Ards and North Down Borough Council is a local authority in Northern Ireland that was established on 1 April 2015. It replaced Ards Borough Council and North Down Borough Council. The first elections to the authority took place on 22 May 2014 and, prior to the official creation of the Ards and North Down district on 1 April 2015, it acted as a shadow authority.
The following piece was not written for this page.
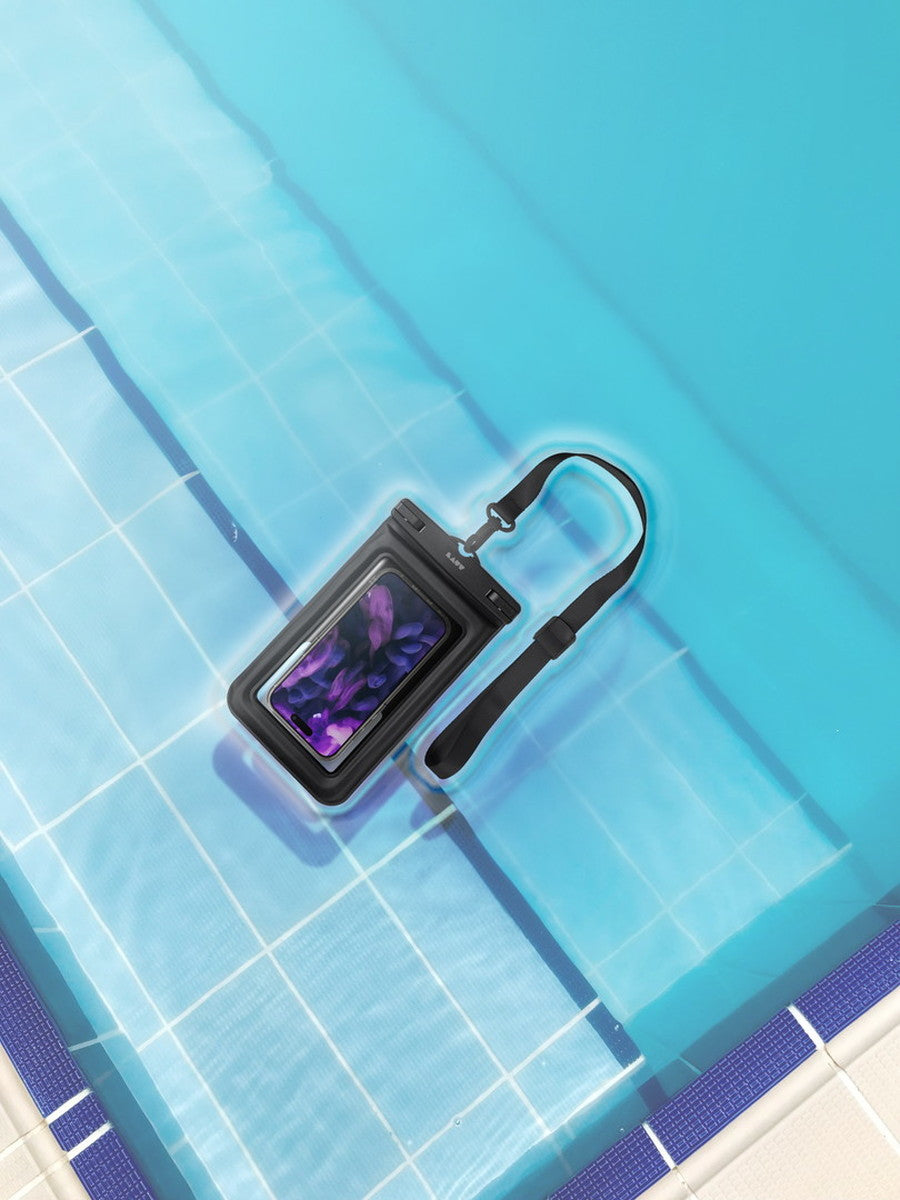 防水 スマートフォンバッグ ネックストラップ付き LAUT POP AQUA waterproof bag ブラック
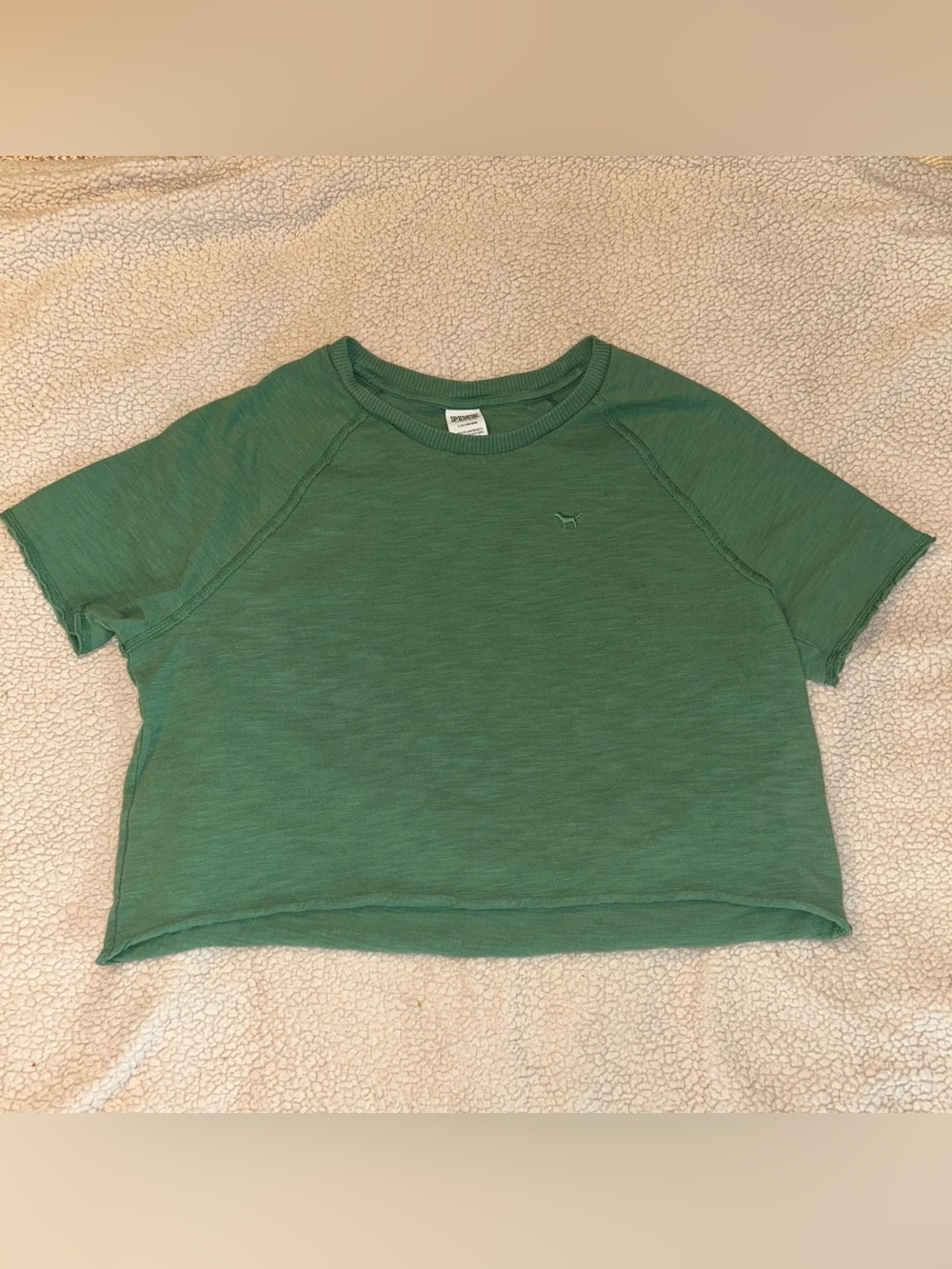 Victoria’s Secret PINK green summer lounge crop 100% cotton shirt size large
The district was originally called "North Down and Ards" but the council was known as "Ards and North Down District Council". Councillors on the transitional shadow authority (prior to the council's official creation) voted on 15 December 2014 to submit an application to the Department of the Environment to change the name to East Coast Borough Council with effect from 1 April 2015. Negative public reaction to the proposed name prompted a rethink. The district name "Ards and North Down" was not finalised until 2016. The transfer of the borough charter from North Down Borough Council was delayed until after the district naming.

==Mayoralty==

===Mayor===

| From | To | Name |  | Party |
|---|---|---|---|---|
| 2015 | 2016 | Alan Graham |  | DUP |
| 2016 | 2017 | Deborah Girvan |  | Alliance |
| 2017 | 2018 | Robert Adair |  | DUP |
| 2018 | 2019 | Richard Smart |  | UUP |
| 2019 | 2020 | Bill Keery |  | DUP |
| 2020 | 2021 | Trevor Cummings |  | DUP |
| 2021 | 2022 | Mark Brooks |  | UUP |
| 2022 | 2023 | Karen Douglas |  | Alliance |
| 2023 | 2024 | Jennifer Gilmour |  | DUP |
| 2024 | 2025 | Alistair Cathcart |  | DUP |
| 2025 | 2026 | Gillian McCollum |  | Alliance |

===Deputy Mayor===

| From | To | Name |  | Party |
|---|---|---|---|---|
| 2015 | 2016 | Carl McClean |  | UUP |
| 2016 | 2017 | William Keery |  | DUP |
| 2017 | 2018 | Gavin Walker |  | Alliance |
| 2018 | 2019 | Eddie Thompson |  | DUP |
| 2019 | 2020 | Karen Douglas |  | Alliance |
| 2020 | 2021 | Nigel Edmund |  | DUP |
| 2021 | 2022 | Robert Adair |  | DUP |
| 2022 | 2023 | Craig Blaney |  | UUP |
| 2023 | 2024 | Hannah Irwin |  | Alliance |
| 2024 | 2025 | David Chambers |  | UUP |
| 2025 | 2026 | Vicky Moore |  | Alliance |

==Councillors==
For the purpose of elections the council is divided into seven district electoral areas (DEA):

| Area | Seats |
|---|---|
| Ards Peninsula | 6 |
| Bangor Central | 6 |
| Bangor East and Donaghadee | 6 |
| Bangor West | 5 |
| Comber | 5 |
| Holywood and Clandeboye | 5 |
| Newtownards | 7 |

===Party strengths===

| Party |  | Elected 2014 | Elected 2019 | Elected 2023 |
|---|---|---|---|---|
|  | DUP | 17 | 14 | 14 |
|  | Alliance | 7 | 10 | 12 |
|  | UUP | 9 | 8 | 8 |
|  | Green (NI) | 3 | 3 | 2 |
|  | SDLP | 1 | 1 | 1 |
|  | TUV | 1 | 1 | 0 |
|  | Independent | 2 | 3 | 3 |

===Councillors by electoral area===

Borders of the DEAs within Ards and North Down

For further details see 2023 Ards and North Down Borough Council election.

Current council members
| District electoral area | Name | Party |  |
| Ards Peninsula | Robert Adair |  | DUP |
| Lorna McAlpine |  | Alliance |
| Joe Boyle |  | SDLP |
| Nigel Edmund |  | DUP |
| David Kerr |  | DUP |
| Pete Wray |  | UUP |
| Bangor Central | Alex Harbinson † |  | Alliance |
| Wesley Irvine |  | Independent |
| Alistair Cathcart |  | DUP |
| Craig Blaney |  | UUP |
| Chris McCraken |  | Alliance |
| Tom Brady † |  | Independent |
| Bangor East and Donaghadee | Mark Brooks |  | UUP |
| Rosaleen Quinn † |  | Alliance |
| James Cochrane |  | DUP |
| David Chambers |  | UUP |
| John Hennessy † |  | Alliance |
| Eddie Thompson † |  | DUP |
| Bangor West | Naomi McBurney † |  | Alliance |
| Jennifer Gilmour |  | DUP |
| Katherine Newman † |  | UUP |
| Carl McClean † |  | DUP |
| Barry McKee |  | Green (NI) |
| Comber | Libby Douglas |  | DUP |
| Philip Smith |  | UUP |
| Trevor Cummings |  | DUP |
| Patricia Morgan |  | Alliance |
| Rachel Ashe |  | Alliance |
| Holywood and Clandeboye | Alan Graham |  | DUP |
| Stephen Hollywood † |  | UUP |
| Martin McRandal |  | Alliance |
| Lauren Kendall † |  | Green (NI) |
| Gillian McCollum † |  | Alliance |
| Newtownards | Steven Irvine |  | Independent |
| Naomi Armstrong |  | DUP |
| Richard Smart |  | UUP |
| Alan McDowell |  | Alliance |
| Stephen McIllveen |  | DUP |
| Vicky Moore |  | Alliance |
| Colin Kennedy |  | DUP |

==Population==
The area covered by the new borough has 163,659 residents according to the 2021 Northern Ireland census.